# WHAT IS REQUIRED
All of the data should be given again word for word, though the images are to be left out.

====== SUPPLIED RECORDS ======

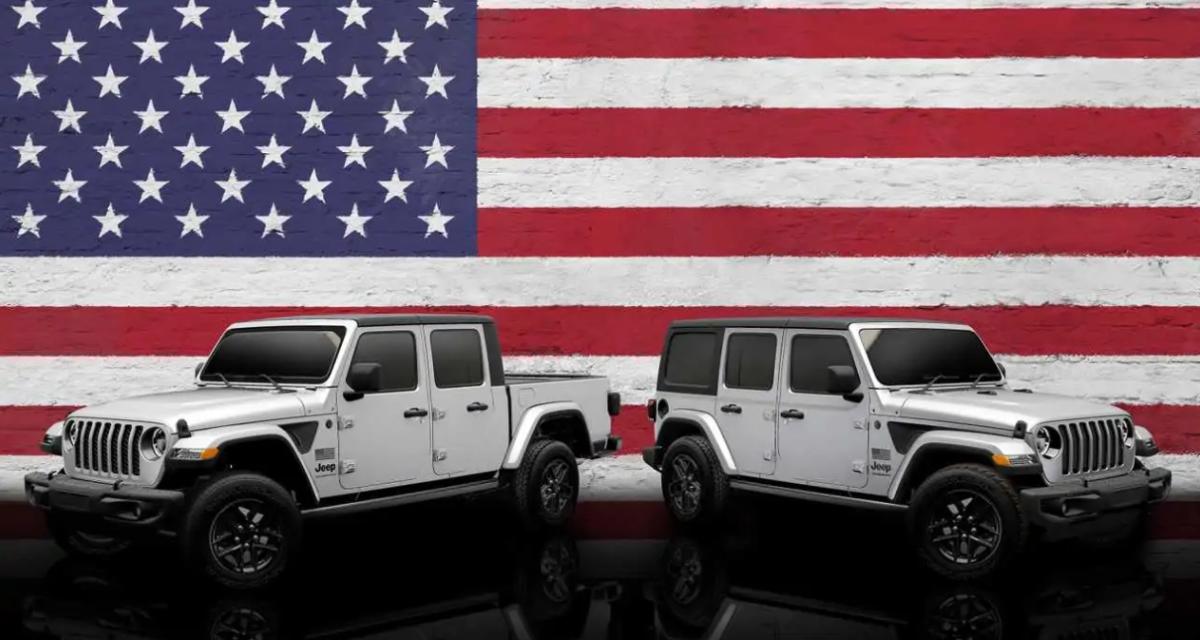 Jeep honore l'US Army avec la série limitée Freedom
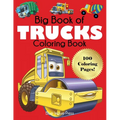 Big Book of Trucks Coloring Book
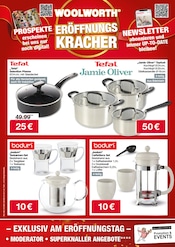 Pfanne im Woolworth Prospekt in Hanau Aktueller Woolworth Prospekt mit Pfanne, "NEUERÖFFNUNG IN NEU ISENBURG", Seite 4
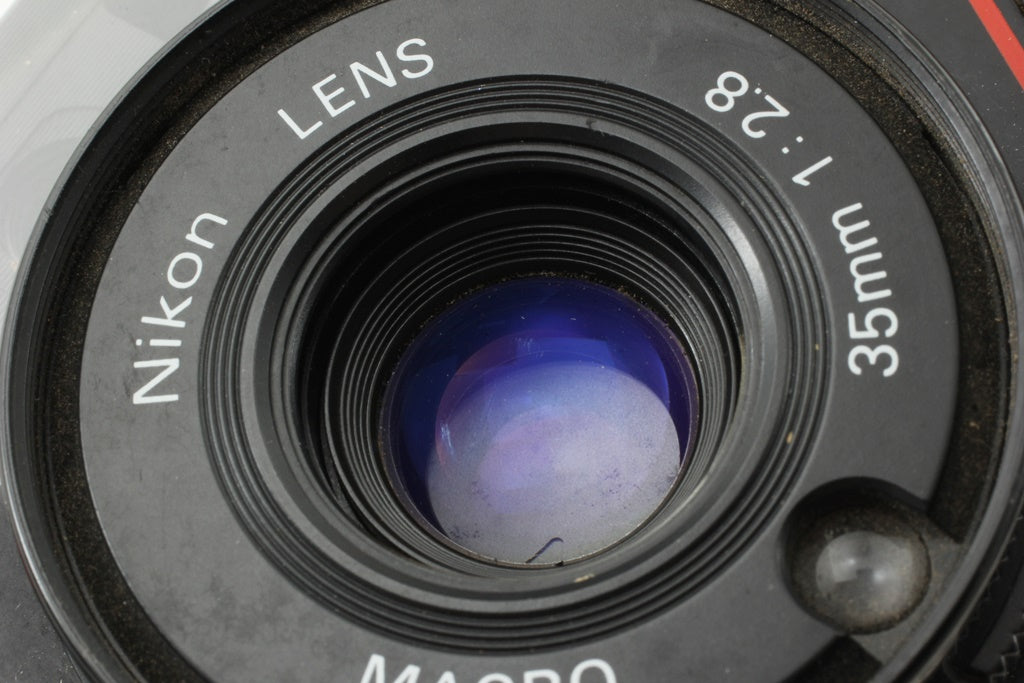 ジャンク品◆Nikon AD3 35mm F2.8 ピカイチ3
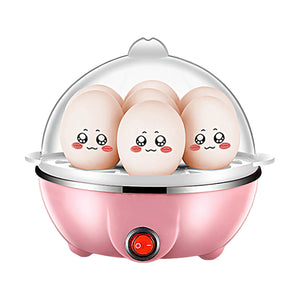 Double Layer Egg Cooker – 14 Egg Capacity Electric Boiler with Auto Shut-Off & Measuring Cup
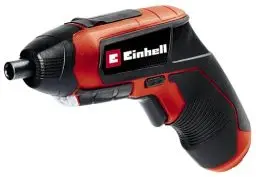 Produktbild: Einhell Akkuschrauber TE-SD 3,6/1 Li (Li-Ion, 3.6 V, 4.5 Nm Drehmoment, Micro-USB-Lader, Magnetbithalterung, LED-Beleuchtung, Softgrip, inkl. 10-teiliges Bit-Set)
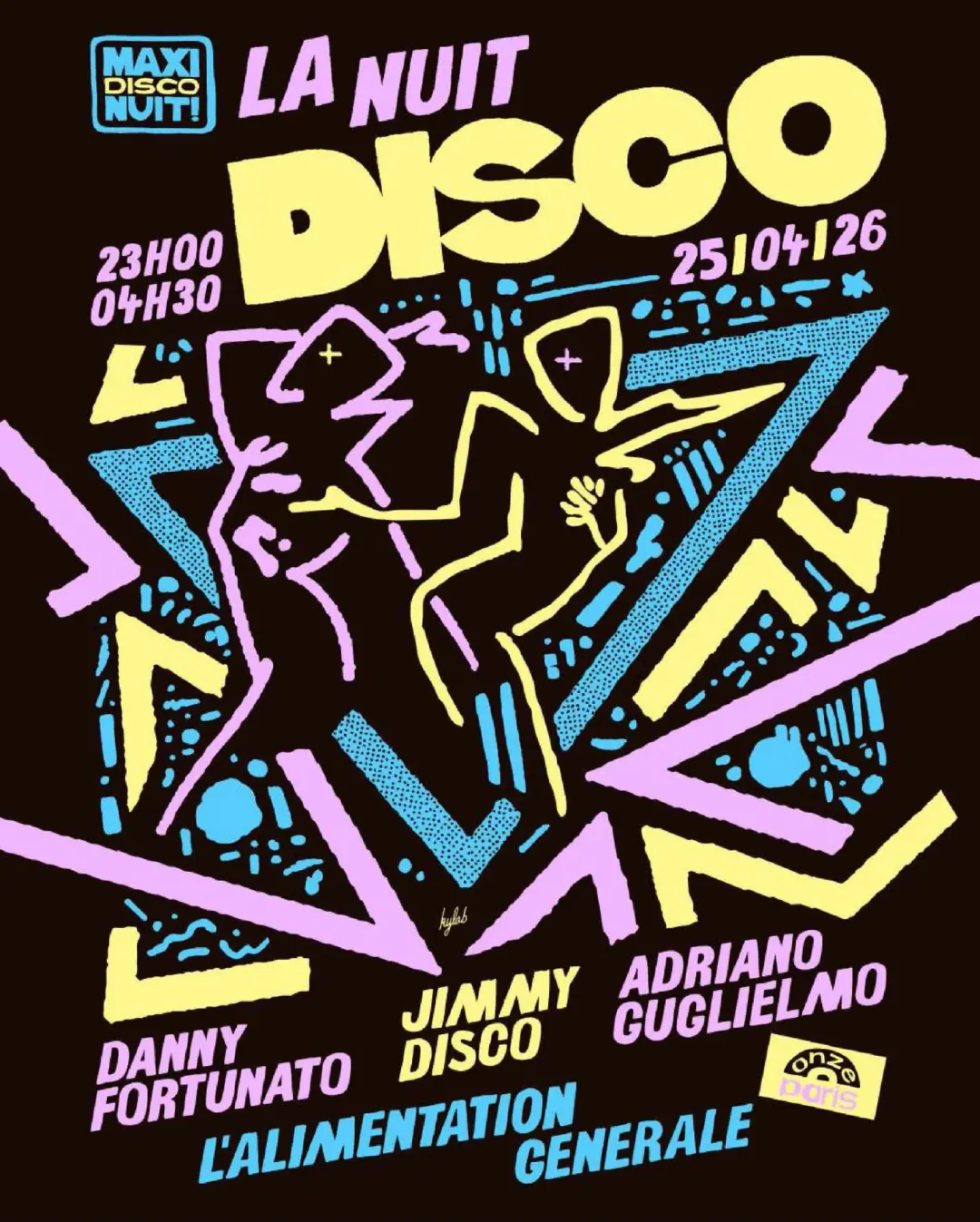 La Nuit Disco Vol. 10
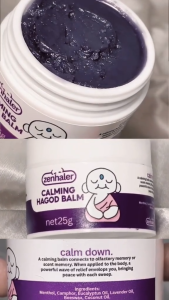 Zenhaler Hagod Balm Set–Calm Down Focus Relax | Natural Aromatherapy Balm for Stress Focus& Sleep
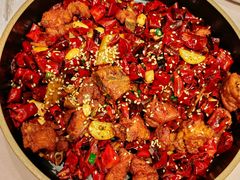 飘香辣子鸡-雀蓝川菜(奥体广场店)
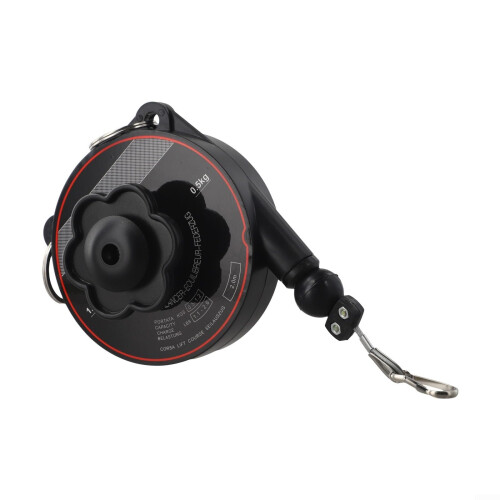 Adjustable Spring Tool Balancer with Hook, Heavy Duty Wire Rope, 0.63kg Capacity 1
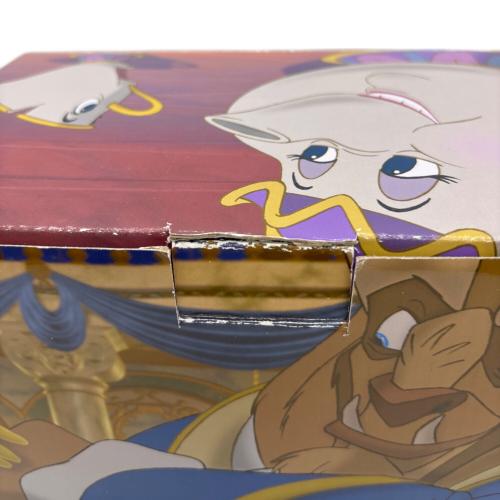 DISNEY (ディズニー) ディズニーグッズ コグスワース アクセサリーケース 美女と野獣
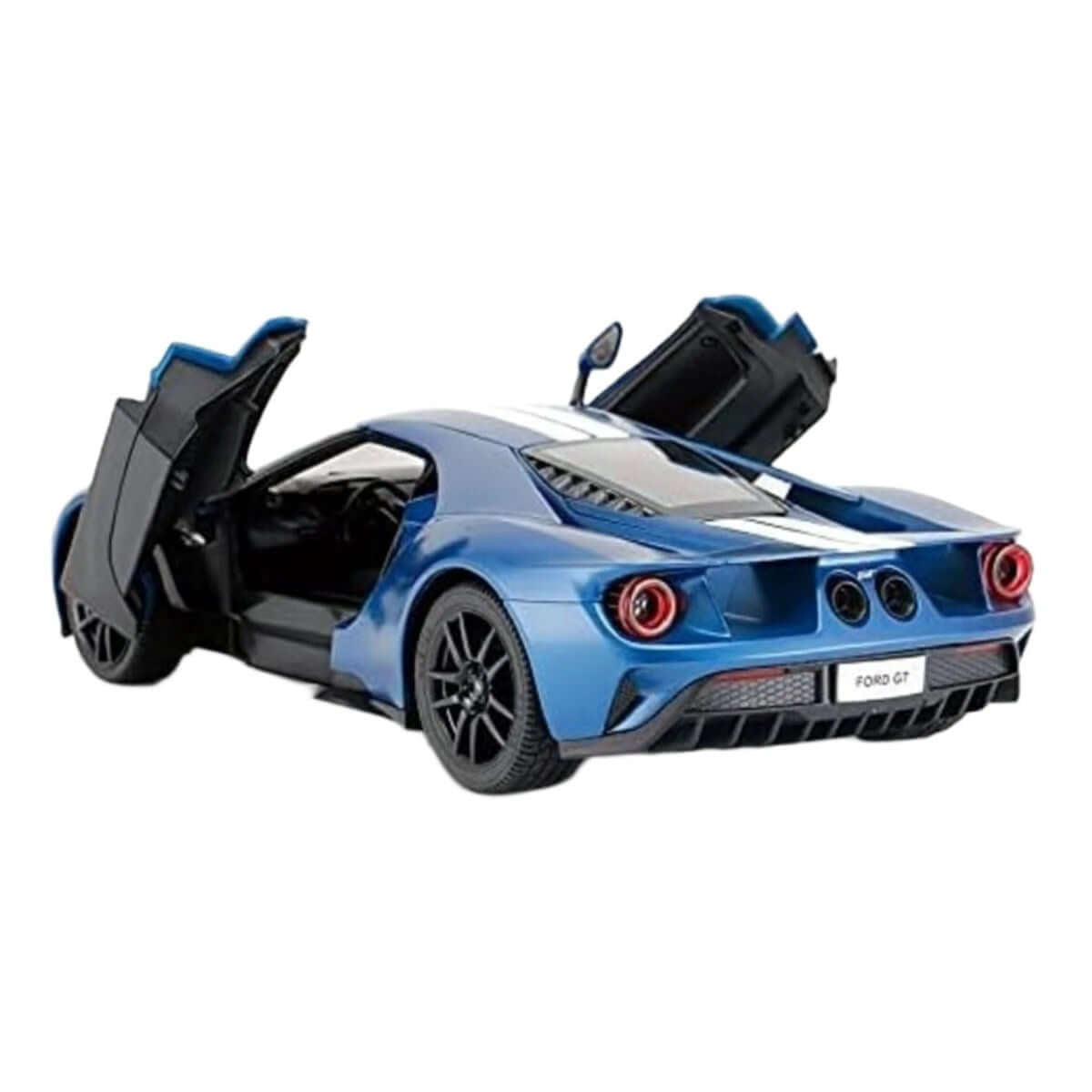 Rastar 1:14 Ford GT Uzaktan Kumandalı Araba Işıklı Mavi - Roket Oyuncak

======

# FINAL ANSWER
 Jeep honore l'US Army avec la série limitée Freedom
 Big Book of Trucks Coloring Book
 Pfanne im Woolworth Prospekt in Hanau Aktueller Woolworth Prospekt mit Pfanne, "NEUERÖFFNUNG IN NEU ISENBURG", Seite 4
 ジャンク品◆Nikon AD3 35mm F2.8 ピカイチ3
 Double Layer Egg Cooker – 14 Egg Capacity Electric Boiler with Auto Shut-Off & Measuring Cup
 Produktbild: Einhell Akkuschrauber TE-SD 3,6/1 Li (Li-Ion, 3.6 V, 4.5 Nm Drehmoment, Micro-USB-Lader, Magnetbithalterung, LED-Beleuchtung, Softgrip, inkl. 10-teiliges Bit-Set)
 La Nuit Disco Vol. 10
 Zenhaler Hagod Balm Set–Calm Down Focus Relax | Natural Aromatherapy Balm for Stress Focus& Sleep
 飘香辣子鸡-雀蓝川菜(奥体广场店)
 Adjustable Spring Tool Balancer with Hook, Heavy Duty Wire Rope, 0.63kg Capacity 1
 DISNEY (ディズニー) ディズニーグッズ コグスワース アクセサリーケース 美女と野獣
 Rastar 1:14 Ford GT Uzaktan Kumandalı Araba Işıklı Mavi - Roket Oyuncak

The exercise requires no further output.